With hundreds of rigs running and thousands of wells producing in unconventional plays, more and more data becomes available every day and it is ever more tempting to apply machine learning techniques for unconventional development, be it to identify geology sweet spot, understand performance drivers and optimize development strategies such as well spacing, completion and production designs etc. However, most of the previous applications of machine learning are limited to either certain types of data or small areas of interest. Consequently, the results often lack the predictability or generalizability necessary to impact important development decisions. We developed a flexible, scalable and integrated machine learning framework to leverage all sources of data for the goal of optimizing unconventional resources development.
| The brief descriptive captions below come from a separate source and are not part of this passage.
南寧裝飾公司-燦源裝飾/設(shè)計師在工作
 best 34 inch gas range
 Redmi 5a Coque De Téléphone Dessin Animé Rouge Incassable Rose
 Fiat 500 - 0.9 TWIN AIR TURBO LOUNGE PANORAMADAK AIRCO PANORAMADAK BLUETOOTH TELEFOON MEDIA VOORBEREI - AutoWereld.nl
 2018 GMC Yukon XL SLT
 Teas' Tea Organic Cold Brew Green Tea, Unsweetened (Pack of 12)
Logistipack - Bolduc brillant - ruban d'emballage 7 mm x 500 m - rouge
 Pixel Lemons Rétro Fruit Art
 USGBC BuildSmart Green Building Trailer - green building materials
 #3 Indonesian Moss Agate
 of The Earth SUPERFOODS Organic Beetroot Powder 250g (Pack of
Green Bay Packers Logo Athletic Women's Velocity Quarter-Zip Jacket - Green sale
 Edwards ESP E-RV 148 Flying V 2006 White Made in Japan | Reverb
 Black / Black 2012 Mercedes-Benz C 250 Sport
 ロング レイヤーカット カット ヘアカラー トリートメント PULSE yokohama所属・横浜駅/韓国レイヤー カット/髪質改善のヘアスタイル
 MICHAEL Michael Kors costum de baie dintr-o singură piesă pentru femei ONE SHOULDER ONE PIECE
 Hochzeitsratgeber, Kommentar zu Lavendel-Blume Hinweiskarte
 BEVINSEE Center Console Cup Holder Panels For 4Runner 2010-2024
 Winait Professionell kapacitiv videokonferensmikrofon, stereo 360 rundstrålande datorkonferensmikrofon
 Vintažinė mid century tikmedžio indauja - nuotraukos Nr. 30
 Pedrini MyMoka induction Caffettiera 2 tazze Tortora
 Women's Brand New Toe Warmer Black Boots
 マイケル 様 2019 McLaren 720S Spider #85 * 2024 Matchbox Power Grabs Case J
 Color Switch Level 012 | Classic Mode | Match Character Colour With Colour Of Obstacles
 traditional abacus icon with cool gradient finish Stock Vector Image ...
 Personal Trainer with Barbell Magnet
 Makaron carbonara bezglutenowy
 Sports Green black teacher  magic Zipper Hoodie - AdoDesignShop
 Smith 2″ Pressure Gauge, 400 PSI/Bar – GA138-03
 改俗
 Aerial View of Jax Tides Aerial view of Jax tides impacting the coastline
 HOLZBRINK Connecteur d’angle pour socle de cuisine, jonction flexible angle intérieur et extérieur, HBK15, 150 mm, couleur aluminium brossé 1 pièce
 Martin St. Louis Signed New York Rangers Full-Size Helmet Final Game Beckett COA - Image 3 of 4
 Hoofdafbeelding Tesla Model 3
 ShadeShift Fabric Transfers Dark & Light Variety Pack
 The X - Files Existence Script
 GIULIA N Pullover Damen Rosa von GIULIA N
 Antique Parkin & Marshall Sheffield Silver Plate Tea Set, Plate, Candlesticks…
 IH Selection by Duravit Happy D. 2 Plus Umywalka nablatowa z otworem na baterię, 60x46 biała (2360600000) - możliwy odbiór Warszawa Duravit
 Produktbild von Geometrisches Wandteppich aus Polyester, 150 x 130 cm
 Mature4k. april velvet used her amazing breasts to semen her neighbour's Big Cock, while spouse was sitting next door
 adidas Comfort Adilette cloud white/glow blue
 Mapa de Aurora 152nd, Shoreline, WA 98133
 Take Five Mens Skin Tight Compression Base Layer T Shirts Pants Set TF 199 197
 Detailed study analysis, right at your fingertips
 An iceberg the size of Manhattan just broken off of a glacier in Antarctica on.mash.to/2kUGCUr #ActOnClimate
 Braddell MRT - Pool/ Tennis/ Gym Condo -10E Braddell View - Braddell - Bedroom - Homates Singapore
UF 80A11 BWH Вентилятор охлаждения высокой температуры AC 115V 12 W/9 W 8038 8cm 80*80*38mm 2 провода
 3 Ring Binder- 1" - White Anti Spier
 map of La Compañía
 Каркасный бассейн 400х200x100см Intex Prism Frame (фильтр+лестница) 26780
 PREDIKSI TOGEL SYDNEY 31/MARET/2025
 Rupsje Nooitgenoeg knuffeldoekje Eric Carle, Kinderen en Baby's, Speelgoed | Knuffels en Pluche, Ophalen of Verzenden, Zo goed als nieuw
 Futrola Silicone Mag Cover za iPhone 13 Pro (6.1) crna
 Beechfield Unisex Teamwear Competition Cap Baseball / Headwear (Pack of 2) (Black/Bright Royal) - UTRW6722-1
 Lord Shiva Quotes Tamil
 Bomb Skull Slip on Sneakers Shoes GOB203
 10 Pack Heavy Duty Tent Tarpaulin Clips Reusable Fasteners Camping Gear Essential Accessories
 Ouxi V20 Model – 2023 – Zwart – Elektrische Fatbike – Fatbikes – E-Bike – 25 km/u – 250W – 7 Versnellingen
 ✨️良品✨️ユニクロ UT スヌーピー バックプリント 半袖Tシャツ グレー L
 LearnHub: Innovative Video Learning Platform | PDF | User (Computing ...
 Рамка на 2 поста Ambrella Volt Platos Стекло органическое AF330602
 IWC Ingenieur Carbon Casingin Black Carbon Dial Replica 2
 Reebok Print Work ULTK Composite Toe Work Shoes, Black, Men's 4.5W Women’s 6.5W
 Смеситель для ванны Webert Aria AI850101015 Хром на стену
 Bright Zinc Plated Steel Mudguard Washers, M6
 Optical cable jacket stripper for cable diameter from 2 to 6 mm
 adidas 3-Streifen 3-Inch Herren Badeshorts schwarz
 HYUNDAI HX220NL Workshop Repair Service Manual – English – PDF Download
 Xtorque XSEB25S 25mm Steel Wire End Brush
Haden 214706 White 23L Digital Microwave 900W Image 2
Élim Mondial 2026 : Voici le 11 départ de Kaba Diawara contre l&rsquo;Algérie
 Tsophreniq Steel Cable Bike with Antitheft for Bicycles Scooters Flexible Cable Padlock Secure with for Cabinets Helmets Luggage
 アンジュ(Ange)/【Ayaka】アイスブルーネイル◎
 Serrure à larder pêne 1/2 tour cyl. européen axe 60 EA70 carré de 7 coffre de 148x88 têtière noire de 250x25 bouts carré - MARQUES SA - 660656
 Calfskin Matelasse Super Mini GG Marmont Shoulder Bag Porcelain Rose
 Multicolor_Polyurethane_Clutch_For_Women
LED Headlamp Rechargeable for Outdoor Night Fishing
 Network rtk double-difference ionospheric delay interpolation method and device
The framework is built on a big data warehouse and on-demand capability to efficiently visualize and analyze large volumes of heterogeneous data. The most important pillar of the framework is the ability to transform all different types of data with fit-for-purpose methodologies to be closely related to the evaluation and prediction of well performance. This is enabled mechanistically by an interface to scripting languages such as R or Python for interactive data processing, validation and visualization. We also developed several innovative methodologies to overcome some common challenges in characterizing well performance and analyzing well spatial and temporal relationships in terms of well spacing, stacking and infill timing. Ultimately, all the data is regularized to be ready for machine learning. The framework enables a rich set of state-of-the-art machine learning techniques. More importantly, the integration of machine learning with geology, reservoir and development data in a visual environment enables very intuitive and interactive testing, validation and interpretation, which provides valuable insight and confidence for development decision making.
The framework has been extensively employed in Permian Basin for important technical studies such as evaluation of new formation, optimization of well completion and spacing, and even PUD reserve booking compatible with SPEE recommended reliable technology. Field case studies clearly demonstrate the applicability and efficiency of the framework as well as the predictability and insights the machine learning techniques offer.